Salt Marsh Deep Time Study Center has been developed as part of Laboratory for Other Worlds, an ongoing research project and exhibition series on climate and the potential impacts of global warming on urban sea levels in the U.S. Northeast, based on climate science by researcher Andrew Kemp. This study center focuses on local salt marshes and their unique position at the edge of the sea and the land, and their history of rich ecologies buried within thousands of years of sedimentation. These marshes provide climate researchers with an understanding of ancient biomes, which are accessed via sedimentary core samples and used to reconstruct deep time habitats, and therefore ancient shorelines. This helps us understand the characteristic fingerprints that will affect future sea level rise. Salt Marsh Deep Time Study Center invites viewers to contemplate the complexity of salt marsh ecologies and their great value to human knowledge construction and more than human lifeways.
Salt Marsh Deep Time Study Center acts as video installation/study center that has a small library, informational videos, live plants, pedagogical objects, and a working microscope.
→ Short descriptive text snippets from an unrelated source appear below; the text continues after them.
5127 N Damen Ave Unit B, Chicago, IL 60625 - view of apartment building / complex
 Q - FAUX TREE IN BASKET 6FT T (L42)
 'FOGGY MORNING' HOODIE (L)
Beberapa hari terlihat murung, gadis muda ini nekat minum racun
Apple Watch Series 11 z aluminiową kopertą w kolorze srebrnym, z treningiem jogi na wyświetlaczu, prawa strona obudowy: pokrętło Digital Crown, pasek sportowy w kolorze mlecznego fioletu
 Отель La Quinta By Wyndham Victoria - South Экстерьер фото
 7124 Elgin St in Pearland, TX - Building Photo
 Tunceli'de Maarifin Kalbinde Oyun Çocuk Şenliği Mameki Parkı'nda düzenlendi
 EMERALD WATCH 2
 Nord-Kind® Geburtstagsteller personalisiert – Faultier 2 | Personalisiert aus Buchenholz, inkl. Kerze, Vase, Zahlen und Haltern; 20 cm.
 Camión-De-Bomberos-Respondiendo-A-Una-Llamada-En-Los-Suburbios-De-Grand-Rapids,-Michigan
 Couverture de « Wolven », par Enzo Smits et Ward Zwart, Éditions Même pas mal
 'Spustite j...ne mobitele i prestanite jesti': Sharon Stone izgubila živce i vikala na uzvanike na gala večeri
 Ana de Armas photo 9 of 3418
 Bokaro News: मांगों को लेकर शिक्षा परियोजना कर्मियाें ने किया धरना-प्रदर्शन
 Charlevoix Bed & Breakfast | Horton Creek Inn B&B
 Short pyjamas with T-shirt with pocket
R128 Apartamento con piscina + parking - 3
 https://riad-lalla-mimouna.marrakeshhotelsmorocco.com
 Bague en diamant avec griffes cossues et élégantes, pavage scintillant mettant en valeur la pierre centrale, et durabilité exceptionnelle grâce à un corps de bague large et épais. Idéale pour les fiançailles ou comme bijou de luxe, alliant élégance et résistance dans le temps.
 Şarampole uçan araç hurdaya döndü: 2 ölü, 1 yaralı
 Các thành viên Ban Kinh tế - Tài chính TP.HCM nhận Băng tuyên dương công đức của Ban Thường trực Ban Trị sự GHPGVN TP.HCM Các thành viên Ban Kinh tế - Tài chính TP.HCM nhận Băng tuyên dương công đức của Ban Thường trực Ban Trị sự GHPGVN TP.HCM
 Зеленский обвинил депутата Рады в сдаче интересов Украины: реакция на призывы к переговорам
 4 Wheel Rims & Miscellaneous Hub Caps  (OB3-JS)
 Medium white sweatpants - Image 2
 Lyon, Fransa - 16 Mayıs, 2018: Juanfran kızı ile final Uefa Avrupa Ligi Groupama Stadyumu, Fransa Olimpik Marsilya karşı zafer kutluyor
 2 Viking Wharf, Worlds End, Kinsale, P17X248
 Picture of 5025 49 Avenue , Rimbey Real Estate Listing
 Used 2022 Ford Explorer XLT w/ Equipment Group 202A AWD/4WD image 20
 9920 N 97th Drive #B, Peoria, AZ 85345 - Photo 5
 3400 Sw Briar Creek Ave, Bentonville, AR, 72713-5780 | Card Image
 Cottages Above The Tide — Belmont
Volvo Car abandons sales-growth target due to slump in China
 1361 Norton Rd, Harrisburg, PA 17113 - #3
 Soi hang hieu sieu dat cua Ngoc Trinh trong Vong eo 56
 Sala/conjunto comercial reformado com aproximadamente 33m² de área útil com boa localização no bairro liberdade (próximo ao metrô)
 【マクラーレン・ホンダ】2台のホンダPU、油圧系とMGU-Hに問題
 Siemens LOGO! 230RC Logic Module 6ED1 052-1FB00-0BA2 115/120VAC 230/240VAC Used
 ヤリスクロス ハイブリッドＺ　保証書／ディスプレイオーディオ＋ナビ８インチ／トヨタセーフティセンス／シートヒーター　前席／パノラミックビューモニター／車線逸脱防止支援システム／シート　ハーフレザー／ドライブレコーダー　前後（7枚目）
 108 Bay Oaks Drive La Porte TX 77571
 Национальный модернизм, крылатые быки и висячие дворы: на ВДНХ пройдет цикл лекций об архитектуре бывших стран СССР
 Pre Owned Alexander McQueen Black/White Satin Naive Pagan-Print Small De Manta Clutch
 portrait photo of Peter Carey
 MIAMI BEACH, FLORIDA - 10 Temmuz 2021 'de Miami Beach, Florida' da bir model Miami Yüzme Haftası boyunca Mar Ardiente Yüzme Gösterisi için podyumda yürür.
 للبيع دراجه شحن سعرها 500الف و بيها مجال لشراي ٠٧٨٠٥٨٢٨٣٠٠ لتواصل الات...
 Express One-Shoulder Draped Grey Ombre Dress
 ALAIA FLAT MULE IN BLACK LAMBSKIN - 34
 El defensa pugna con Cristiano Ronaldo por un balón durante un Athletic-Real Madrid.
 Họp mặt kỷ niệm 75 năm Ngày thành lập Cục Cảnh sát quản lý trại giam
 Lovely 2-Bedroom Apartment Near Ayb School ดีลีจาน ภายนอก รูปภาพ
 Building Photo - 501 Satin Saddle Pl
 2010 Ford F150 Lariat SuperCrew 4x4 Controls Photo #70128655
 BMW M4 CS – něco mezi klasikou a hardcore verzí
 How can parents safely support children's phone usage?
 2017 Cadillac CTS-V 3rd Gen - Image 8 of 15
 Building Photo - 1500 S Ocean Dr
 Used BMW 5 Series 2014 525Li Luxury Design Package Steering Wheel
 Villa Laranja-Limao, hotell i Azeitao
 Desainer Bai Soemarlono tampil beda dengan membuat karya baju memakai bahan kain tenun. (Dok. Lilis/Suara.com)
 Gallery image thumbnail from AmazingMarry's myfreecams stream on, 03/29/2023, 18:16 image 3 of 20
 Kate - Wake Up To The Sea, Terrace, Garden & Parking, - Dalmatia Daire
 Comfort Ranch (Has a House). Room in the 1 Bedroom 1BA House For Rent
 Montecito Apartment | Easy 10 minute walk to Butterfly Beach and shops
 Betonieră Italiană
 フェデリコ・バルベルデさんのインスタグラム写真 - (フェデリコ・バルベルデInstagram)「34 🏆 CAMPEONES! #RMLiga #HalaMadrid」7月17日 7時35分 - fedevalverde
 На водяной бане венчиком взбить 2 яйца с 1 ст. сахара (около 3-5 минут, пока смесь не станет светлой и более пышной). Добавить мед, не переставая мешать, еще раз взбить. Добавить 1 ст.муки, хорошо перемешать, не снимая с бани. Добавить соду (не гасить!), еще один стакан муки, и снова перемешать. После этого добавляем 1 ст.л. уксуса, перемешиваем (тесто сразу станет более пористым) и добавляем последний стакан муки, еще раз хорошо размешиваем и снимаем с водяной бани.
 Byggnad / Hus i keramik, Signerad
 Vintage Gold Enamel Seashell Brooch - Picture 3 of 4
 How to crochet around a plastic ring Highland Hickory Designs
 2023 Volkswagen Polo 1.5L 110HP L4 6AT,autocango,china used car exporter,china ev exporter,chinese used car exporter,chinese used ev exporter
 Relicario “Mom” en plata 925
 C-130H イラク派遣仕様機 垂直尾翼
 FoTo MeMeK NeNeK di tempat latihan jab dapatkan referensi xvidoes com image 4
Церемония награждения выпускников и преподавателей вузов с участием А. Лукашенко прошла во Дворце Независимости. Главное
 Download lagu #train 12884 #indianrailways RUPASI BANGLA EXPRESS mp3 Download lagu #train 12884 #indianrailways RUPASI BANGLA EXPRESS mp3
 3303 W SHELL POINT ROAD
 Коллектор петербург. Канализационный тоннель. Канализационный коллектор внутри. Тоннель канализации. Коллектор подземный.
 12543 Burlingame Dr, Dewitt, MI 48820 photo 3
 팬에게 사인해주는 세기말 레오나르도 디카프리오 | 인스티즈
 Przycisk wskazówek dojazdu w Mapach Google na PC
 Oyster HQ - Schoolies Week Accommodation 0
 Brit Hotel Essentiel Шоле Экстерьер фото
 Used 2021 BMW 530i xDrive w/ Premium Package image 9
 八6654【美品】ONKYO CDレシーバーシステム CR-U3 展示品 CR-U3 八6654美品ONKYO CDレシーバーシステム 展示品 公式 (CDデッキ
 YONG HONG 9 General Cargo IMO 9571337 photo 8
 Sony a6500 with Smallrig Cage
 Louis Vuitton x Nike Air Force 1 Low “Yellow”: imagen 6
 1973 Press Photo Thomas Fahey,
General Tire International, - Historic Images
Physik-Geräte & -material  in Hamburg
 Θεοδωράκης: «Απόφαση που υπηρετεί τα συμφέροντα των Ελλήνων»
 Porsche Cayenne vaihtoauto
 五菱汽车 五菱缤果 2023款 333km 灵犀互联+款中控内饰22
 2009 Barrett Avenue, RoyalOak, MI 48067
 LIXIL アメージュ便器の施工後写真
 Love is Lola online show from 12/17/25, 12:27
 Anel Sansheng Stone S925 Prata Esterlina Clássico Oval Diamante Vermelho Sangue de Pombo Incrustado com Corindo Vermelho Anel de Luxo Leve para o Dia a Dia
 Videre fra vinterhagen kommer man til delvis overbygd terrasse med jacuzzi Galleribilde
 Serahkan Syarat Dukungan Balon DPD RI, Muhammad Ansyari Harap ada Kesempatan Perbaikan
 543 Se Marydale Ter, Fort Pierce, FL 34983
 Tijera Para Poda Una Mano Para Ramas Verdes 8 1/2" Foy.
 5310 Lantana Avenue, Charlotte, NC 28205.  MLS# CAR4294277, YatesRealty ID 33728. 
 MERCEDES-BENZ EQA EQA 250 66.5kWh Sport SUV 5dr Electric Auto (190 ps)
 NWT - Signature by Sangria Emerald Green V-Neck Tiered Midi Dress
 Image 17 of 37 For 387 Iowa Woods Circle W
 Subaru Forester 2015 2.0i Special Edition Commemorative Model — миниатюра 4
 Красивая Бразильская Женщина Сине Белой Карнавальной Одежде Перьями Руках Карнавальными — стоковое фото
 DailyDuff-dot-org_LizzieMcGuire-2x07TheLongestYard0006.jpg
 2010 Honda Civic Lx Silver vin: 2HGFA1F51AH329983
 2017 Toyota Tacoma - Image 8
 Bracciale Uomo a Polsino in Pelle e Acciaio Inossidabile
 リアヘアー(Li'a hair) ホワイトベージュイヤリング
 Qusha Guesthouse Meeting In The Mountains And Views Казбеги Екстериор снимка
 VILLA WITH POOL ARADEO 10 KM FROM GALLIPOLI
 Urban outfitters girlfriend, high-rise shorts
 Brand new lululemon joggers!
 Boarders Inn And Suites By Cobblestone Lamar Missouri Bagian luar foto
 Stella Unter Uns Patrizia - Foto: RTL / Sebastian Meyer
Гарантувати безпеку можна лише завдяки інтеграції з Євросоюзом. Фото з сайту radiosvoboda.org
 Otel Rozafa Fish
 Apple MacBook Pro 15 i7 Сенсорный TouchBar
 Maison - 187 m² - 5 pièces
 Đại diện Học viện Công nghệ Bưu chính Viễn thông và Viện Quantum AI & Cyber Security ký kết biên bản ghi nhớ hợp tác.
Genia performing Earthling. Earthling is the Earth, a body, and a witness. As Earthling, Genia performs with pipestone, a sacred Dakota material that refers to the Dakota origin story in which the original peoples were killed in a flood, and pipestone is the remains of their bodies. Pipestone is considered sacred by the Dakota, and none of it can be wasted. During Genia's performance, she will utilize leftover pipestone fragments as chalk to draw on the gallery walls and floor.
“If there is a post-Anthropocene worth living in, those who live in it will need different stories, with no entity at the center of the stage.”
This quote helps to understand that “posthuman” means us imagining a time when humans don’t look out just for ourselves and those like us, that we understand that we are all one entangled life here on planet earth and that the wellbeing of all humans as well as all species, the land, waters, and soils is equally important.
Collaborating artists Tanya Crane and Erin Genia bring specific expertise to these conversation about science, including what are the different questions we can be asking, and what does it mean to consider the subject of science as sacred?
Laboratory for Other Worlds is an immersive installation centered around a stop motion animation set. It uses an off-grid solar panel system alongside handmade and recycled materials to forge connections between green technology, science fiction, and the ecological imaginary.